:: Data to examine ::
------------------------------------------------------------
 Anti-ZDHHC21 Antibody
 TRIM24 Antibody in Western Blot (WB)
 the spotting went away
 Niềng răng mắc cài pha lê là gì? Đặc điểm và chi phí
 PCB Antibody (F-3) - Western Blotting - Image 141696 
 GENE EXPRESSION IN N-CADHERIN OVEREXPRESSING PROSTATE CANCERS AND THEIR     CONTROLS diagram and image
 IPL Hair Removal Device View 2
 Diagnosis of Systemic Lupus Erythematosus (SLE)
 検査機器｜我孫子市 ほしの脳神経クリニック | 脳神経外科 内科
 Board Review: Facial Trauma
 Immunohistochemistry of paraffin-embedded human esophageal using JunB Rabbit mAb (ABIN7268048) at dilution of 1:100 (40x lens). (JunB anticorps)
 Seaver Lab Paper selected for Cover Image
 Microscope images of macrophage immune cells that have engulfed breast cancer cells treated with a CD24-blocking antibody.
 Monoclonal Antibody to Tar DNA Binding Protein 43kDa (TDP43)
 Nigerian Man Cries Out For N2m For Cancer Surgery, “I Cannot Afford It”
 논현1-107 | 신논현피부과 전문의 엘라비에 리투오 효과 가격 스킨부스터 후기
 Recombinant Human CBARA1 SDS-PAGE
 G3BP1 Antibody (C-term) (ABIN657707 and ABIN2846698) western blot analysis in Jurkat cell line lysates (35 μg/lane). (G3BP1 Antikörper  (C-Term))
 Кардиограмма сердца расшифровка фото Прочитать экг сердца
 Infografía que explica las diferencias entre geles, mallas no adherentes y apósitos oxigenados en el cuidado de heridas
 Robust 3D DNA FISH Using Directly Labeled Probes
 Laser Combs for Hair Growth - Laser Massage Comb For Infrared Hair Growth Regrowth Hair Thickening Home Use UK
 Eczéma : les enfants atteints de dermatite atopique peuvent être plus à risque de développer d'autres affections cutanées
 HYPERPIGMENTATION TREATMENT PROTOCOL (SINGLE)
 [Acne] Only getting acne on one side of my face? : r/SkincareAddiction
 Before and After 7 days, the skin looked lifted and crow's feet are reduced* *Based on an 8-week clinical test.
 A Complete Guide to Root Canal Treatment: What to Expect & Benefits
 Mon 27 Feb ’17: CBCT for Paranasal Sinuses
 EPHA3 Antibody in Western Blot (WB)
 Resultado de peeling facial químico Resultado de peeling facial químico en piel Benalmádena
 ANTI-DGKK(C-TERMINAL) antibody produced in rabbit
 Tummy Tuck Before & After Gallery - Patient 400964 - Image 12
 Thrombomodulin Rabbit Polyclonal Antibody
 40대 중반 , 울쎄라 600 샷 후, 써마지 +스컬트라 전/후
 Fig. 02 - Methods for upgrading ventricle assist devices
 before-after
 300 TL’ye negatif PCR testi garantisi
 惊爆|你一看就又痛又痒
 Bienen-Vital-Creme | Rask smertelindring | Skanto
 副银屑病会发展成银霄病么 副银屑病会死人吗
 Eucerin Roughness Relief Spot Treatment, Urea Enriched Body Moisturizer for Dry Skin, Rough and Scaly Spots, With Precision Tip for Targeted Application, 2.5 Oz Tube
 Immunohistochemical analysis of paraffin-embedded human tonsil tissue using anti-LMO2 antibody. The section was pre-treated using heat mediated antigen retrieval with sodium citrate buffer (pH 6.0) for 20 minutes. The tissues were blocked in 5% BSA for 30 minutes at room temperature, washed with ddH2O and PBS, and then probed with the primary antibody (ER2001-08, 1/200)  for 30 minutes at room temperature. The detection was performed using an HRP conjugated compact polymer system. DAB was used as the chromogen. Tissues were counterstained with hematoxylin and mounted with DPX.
------------------------------------------------------------
:: Problem to work on ::
Print the entire listing above once more, with nothing changed.

:: Answer section ::
 Anti-ZDHHC21 Antibody
 TRIM24 Antibody in Western Blot (WB)
 the spotting went away
 Niềng răng mắc cài pha lê là gì? Đặc điểm và chi phí
 PCB Antibody (F-3) - Western Blotting - Image 141696 
 GENE EXPRESSION IN N-CADHERIN OVEREXPRESSING PROSTATE CANCERS AND THEIR     CONTROLS diagram and image
 IPL Hair Removal Device View 2
 Diagnosis of Systemic Lupus Erythematosus (SLE)
 検査機器｜我孫子市 ほしの脳神経クリニック | 脳神経外科 内科
 Board Review: Facial Trauma
 Immunohistochemistry of paraffin-embedded human esophageal using JunB Rabbit mAb (ABIN7268048) at dilution of 1:100 (40x lens). (JunB anticorps)
 Seaver Lab Paper selected for Cover Image
 Microscope images of macrophage immune cells that have engulfed breast cancer cells treated with a CD24-blocking antibody.
 Monoclonal Antibody to Tar DNA Binding Protein 43kDa (TDP43)
 Nigerian Man Cries Out For N2m For Cancer Surgery, “I Cannot Afford It”
 논현1-107 | 신논현피부과 전문의 엘라비에 리투오 효과 가격 스킨부스터 후기
 Recombinant Human CBARA1 SDS-PAGE
 G3BP1 Antibody (C-term) (ABIN657707 and ABIN2846698) western blot analysis in Jurkat cell line lysates (35 μg/lane). (G3BP1 Antikörper  (C-Term))
 Кардиограмма сердца расшифровка фото Прочитать экг сердца
 Infografía que explica las diferencias entre geles, mallas no adherentes y apósitos oxigenados en el cuidado de heridas
 Robust 3D DNA FISH Using Directly Labeled Probes
 Laser Combs for Hair Growth - Laser Massage Comb For Infrared Hair Growth Regrowth Hair Thickening Home Use UK
 Eczéma : les enfants atteints de dermatite atopique peuvent être plus à risque de développer d'autres affections cutanées
 HYPERPIGMENTATION TREATMENT PROTOCOL (SINGLE)
 [Acne] Only getting acne on one side of my face? : r/SkincareAddiction
 Before and After 7 days, the skin looked lifted and crow's feet are reduced* *Based on an 8-week clinical test.
 A Complete Guide to Root Canal Treatment: What to Expect & Benefits
 Mon 27 Feb ’17: CBCT for Paranasal Sinuses
 EPHA3 Antibody in Western Blot (WB)
 Resultado de peeling facial químico Resultado de peeling facial químico en piel Benalmádena
 ANTI-DGKK(C-TERMINAL) antibody produced in rabbit
 Tummy Tuck Before & After Gallery - Patient 400964 - Image 12
 Thrombomodulin Rabbit Polyclonal Antibody
 40대 중반 , 울쎄라 600 샷 후, 써마지 +스컬트라 전/후
 Fig. 02 - Methods for upgrading ventricle assist devices
 before-after
 300 TL’ye negatif PCR testi garantisi
 惊爆|你一看就又痛又痒
 Bienen-Vital-Creme | Rask smertelindring | Skanto
 副银屑病会发展成银霄病么 副银屑病会死人吗
 Eucerin Roughness Relief Spot Treatment, Urea Enriched Body Moisturizer for Dry Skin, Rough and Scaly Spots, With Precision Tip for Targeted Application, 2.5 Oz Tube
 Immunohistochemical analysis of paraffin-embedded human tonsil tissue using anti-LMO2 antibody. The section was pre-treated using heat mediated antigen retrieval with sodium citrate buffer (pH 6.0) for 20 minutes. The tissues were blocked in 5% BSA for 30 minutes at room temperature, washed with ddH2O and PBS, and then probed with the primary antibody (ER2001-08, 1/200)  for 30 minutes at room temperature. The detection was performed using an HRP conjugated compact polymer system. DAB was used as the chromogen. Tissues were counterstained with hematoxylin and mounted with DPX.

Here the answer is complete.